The latter was not a reflection on Deborah — “my gorgeous wife,” as he was wont to say — but a reference to Joseph Conrad, whose wife had to lock him in his room to get him to write.
It was the sort of offbeat stuff Jeremy had in his unruly head. He could come up with an erudite quote the way the rest of us come up with overworked expletives and inanities.
Much of what has been written about Jeremy since his death has referred to his mentoring of younger journalists, his rapport with the Zumas and Eugene de Kocks of the world and the seminal roles he played at the Daily Sun, Independent Newspapers and the Wits Justice Project.
I was not in SA during that period of his illustrious career and could only experience it vicariously, through what he wrote and told me.
“For the people on the floor, he was an oasis in a desert,” wrote Vincent Pienaar, a former colleague at the Daily Sun. “He injected passion, urgency, and a desire to be contributors to a great newspaper — emotions we had not felt for a long time.”
It was the same driving, fervid Jeremy I hung out with when we were 14, skipping school to spend our time in Exclusive Books, urgently swapping our early poetry (his was often breathtaking; mine invariably inexecrable) and, a little later, groping our way through early sexual experiences — a preoccupation that we never tired of, though it was all talk and no action in our latter decades.
We spent the seventies together in Jerusalem, ostensibly studying at the Hebrew University but actually majoring in off-campus sex, drugs & rock ’n roll. Neither of us came out of the experience with a BA, but I think we did the counterculture proud.
One anecdote from that period was when Jeremy and a young lady of our mutual acquaintance hitchhiked from Jerusalem to a kibbutz in the north of the country with romantic intent. It was in the waning days of what came to be known as the Yom Kippur War.
Somewhere along the way, Jeremy ditched the young lady in favour of another with, he figured, greater coital potential. She, in turn, ditched him shortly after. Now hitching alone with a bruised ego, he was picked up by an American in a rental car who was doing his own tour of the north.
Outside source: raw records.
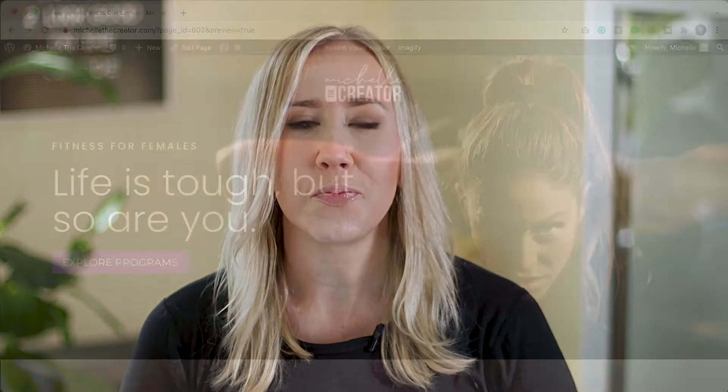If you're new to this channel, my name is Michelle and I release weekly videos on web design, marketing, and content creation strategies. Without further ado, let's dive into this tutorial.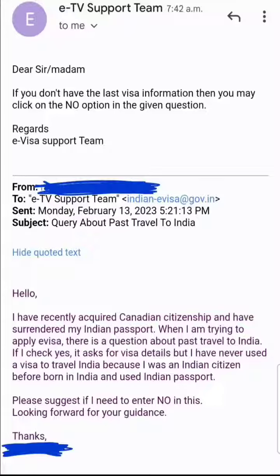As you can see, I asked: "Hello, I recently acquired Canadian citizenship and have surrendered my Indian passport. When I'm trying to apply for an e-visa, there is a question about past travel to India. If I check Yes, it asks for visa details, but I have never used a visa to travel to India because I was an Indian citizen before — born in India and used an Indian passport. Please suggest if I need to enter No in this." I was looking forward to their guidance.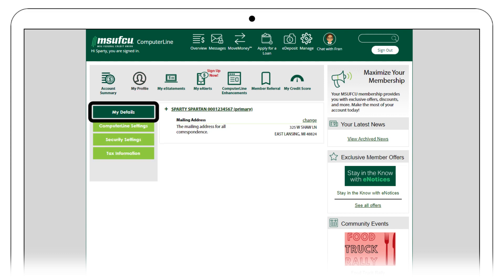Your base account number is the number shown after your name. Now that we have your base account number, we will now navigate to your share ID numbers.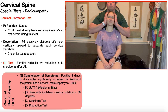The patient's in seated, and the PT is going to passively distract the patient's neck, pulling it vertically upward in an attempt to separate each cervical vertebrae. Remember those three movements that normally increase radicular symptoms in a classic cervical radiculopathy: those are cervical extension, cervical lateral flexion toward the affected side, and cervical rotation toward the affected side.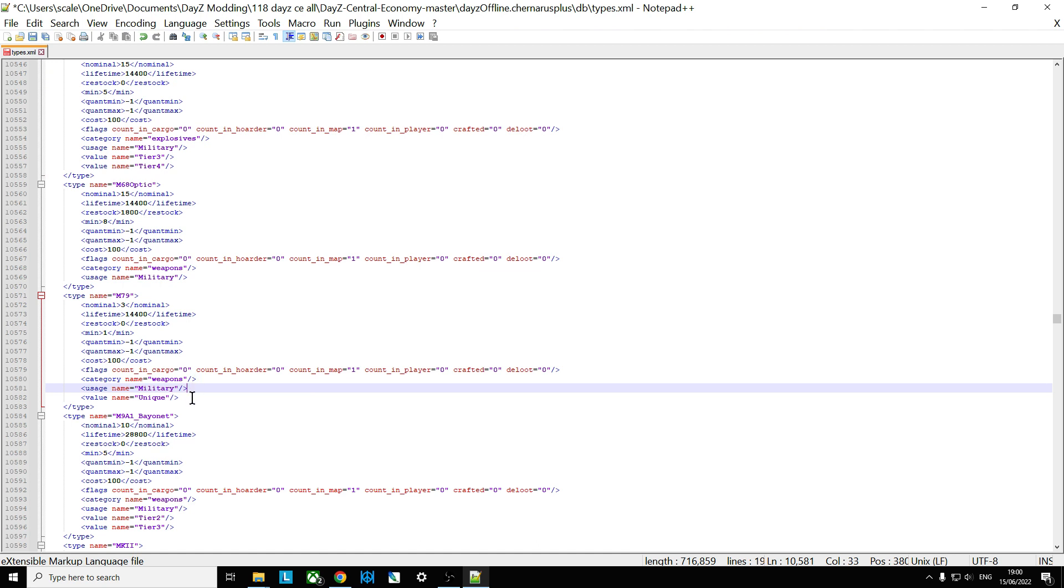Now, at the time of recording this video, there's a little bit of debate about what that means in terms of spawning. The unique area identifier that you can see in the CE tool, the Central Economy tool, if you use that, it's only a few small parts of the map. Some people tend to think unique also means it will spawn on the new train crashes, but not quite sure.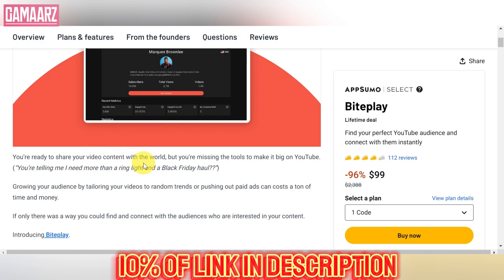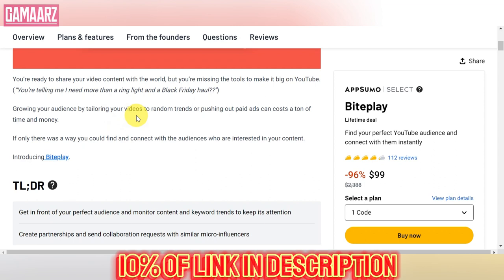BytePlay is an online platform designed to simplify audio creation for users of all skill levels. The lifetime deal, a one-time purchase that grants access to BytePlay's premium features indefinitely, has garnered attention for its affordability and value proposition.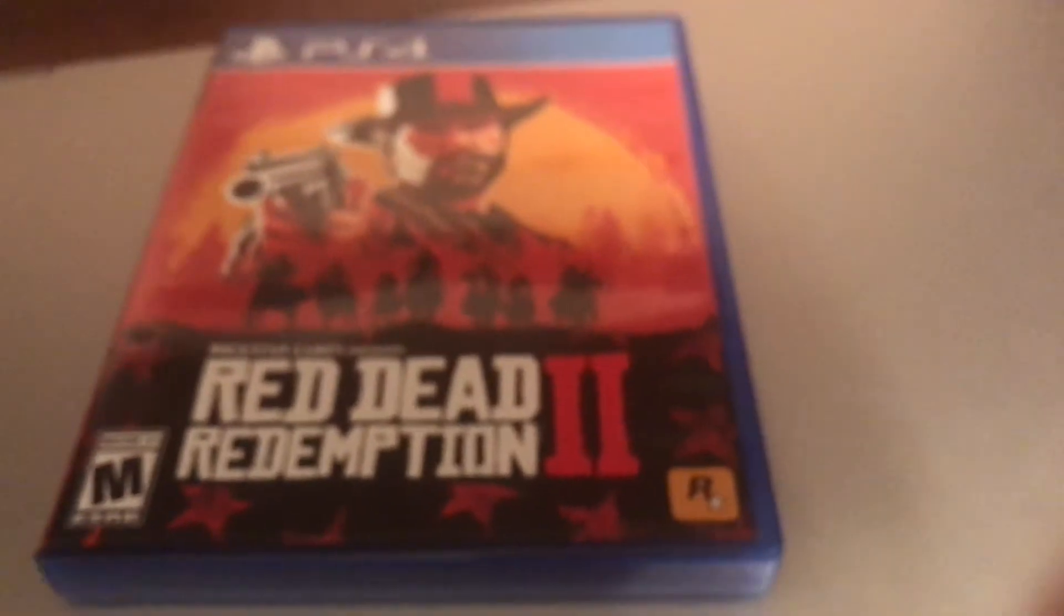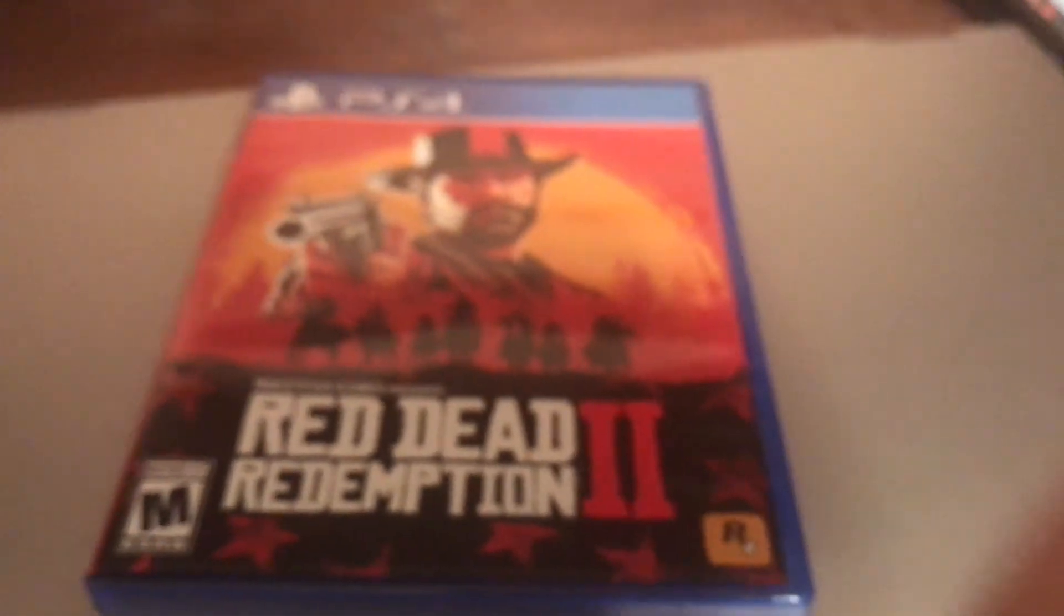There we go. Red Dead Redemption 2 on my PC. That's how you get Red Dead 2 on your PC, guys. Thank you for watching. Red Dead Redemption 2 is on my PC.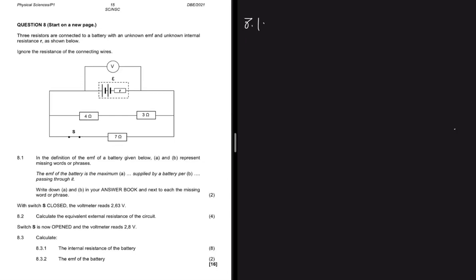Question 8.1 gives a definition of EMF with missing words A and B that you're supposed to fill in. The EMF of a battery is the maximum electric energy supplied by a battery per unit charge passing through it. This question is just asking for the definition.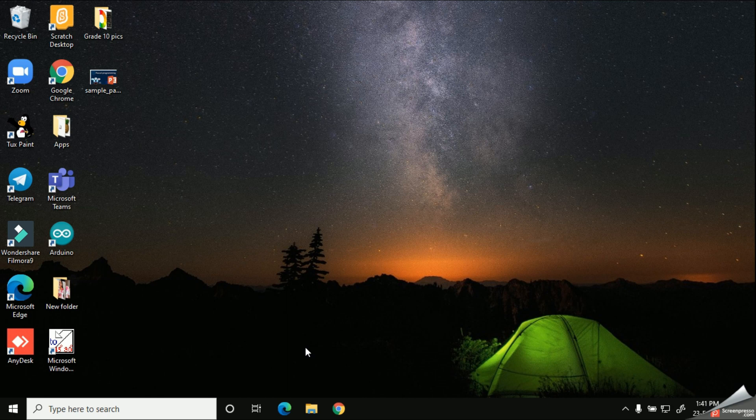Let's get started. First of all, let's open our web browser. As usual, I'm going to continue with Google Chrome.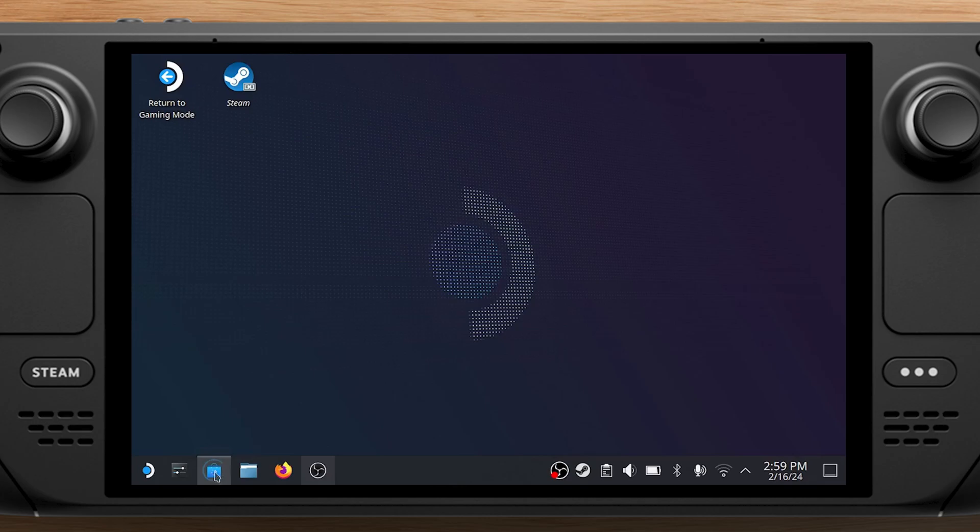In this tutorial I will show you how to remote play PS5 games on the Steam Deck with Chiaki, respectively Chiaki 4-Deck.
The American was Leonard Cohen, who had just done a concert for Israeli troops in the Sinai. The two of them spent the day driving around together and getting along famously, though I’m not aware of Cohen having ever written about Jeremy taking him down to a place by the river.
Jeremy, it must be said, had a Lithuanian temper — believing themselves to be the true repository of God’s beneficence, Lithuanian Jews get very angry when confronted by impostors — and various other endearing quirks.
When he and I shared a house in Jerusalem’s Mea Shearim quarter with two other guys, we allocated separate spaces in the fridge for each of us. At least once a week, Jeremy would come rampaging through the house, red-faced and demanding to know who had stolen his tomatoes.
I never stole his tomatoes again, though I once stole his girlfriend — with even more ferocious results.
Since Jeremy’s death, I have received emails, messages and phone calls from the West Coast of the US, the East Coast, London, Mexico, Sweden, Jerusalem and, of course, various parts of SA. Jeremy left a deep impression on people, even those who hadn’t seen him in decades.
He had an abundant personality, a dry-as-ice sense of humour and a febrile intellect that engaged people of all types and in many places. Some got pissed off by him — he was prickly and didn’t take prisoners — but no-one ever forgot him.
An unpublished poem by Jeremy from 2020 ends thus:
Don’t worry, old friend, I said; this is the new SA.
If the taxi drivers don’t get them in Bree Street,
The homeboys will, long, long before
they make it to this building.
The poem was dedicated to Peter Wilhelm, a mutual friend from the days all three of us worked on the Financial Mail. As things turned out, Peter died last year after a long illness and it was Jeremy the homeboys got.
I doubt they had any idea at all of the exceptional life they were taking.